At least the following Perl modules need to be installed:

JSON
- libjson-perl (deb), perl-JSON (rpm)
JSON::XS (approx 100 times faster parsing compared to pure-perl JSON)
- libjson-xs-perl (deb), perl-JSON-XS (rpm)
Schedule::Cron (optional, allows for crontab style specification of deletion queue processinginterval)
- libschedule-cron-perl (deb), perl-Schedule-Cron (rpm)
Filesys::Df
- libfilesys-df-perl (deb), perl-Filesys-Df (rpm)

A recent version of the IBM Storage Protect (TSM) client is recommended, as of this writing v8.1.11 or later, due to commit 796a02a and IBM APAR IT33143.

Installation and Configuration

All dCache tape pools needs both the ENDIT dCache plugin and the ENDIT daemons installed.

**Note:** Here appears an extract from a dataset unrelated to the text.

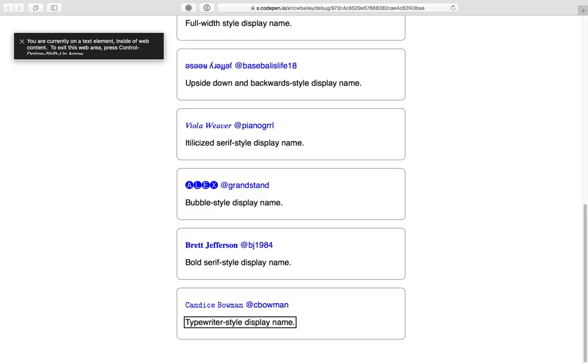You are currently on a text element inside of web content. To exit this web area, press Control Option Shift Up Arrow.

If needed, more verbose instructions are available in the NeIC wiki at https://wiki.neic.no/wiki/DCache_TSM_interface

TSM (IBM Storage Protect)

Setup TSM so that the user running dCache can dsmc archive and dsmc retrieve files. If you want to have several pool-nodes talking to tape, we recommend setting up a TSM proxy node that you can share across machines using dsmc -asnode=NODENAME. Due to recent changes in TSM client authentication we strongly recommend not using a machine-global TSM node, but instead creating a dedicated TSM node for each dCache runtime user. See the IBM documentation re non-root usage for the recommended setup.

A dCache hsminstance typically maps into a dedicated TSM proxy node. With a proxy node you can have multiple read and write pool nodes to the same data in TSM. Different TSM nodes need to have different hsminstances.

The common ENDIT-optimized TSM storage hierarchy setup is to have a dedicated domain for each proxy node and define a tape storage pool as the archive copygroup destination. Since tsmarchiver.pl batches archive operations into larger chunks there is limited benefit of spooling data to disk on the TSM server before moving it to tape.

For each TSM node defined on your TSM server, ensure that the following options are correct for your environment:

MAXNUMMP - Increase to the sum of concurrent/parallel dsmc archive and dsmc retrieve sessions plus some margin to avoid errors when tapes are concurrently being mounted/dismounted.
SPLITLARGEObjects - set to No to optimize for tape.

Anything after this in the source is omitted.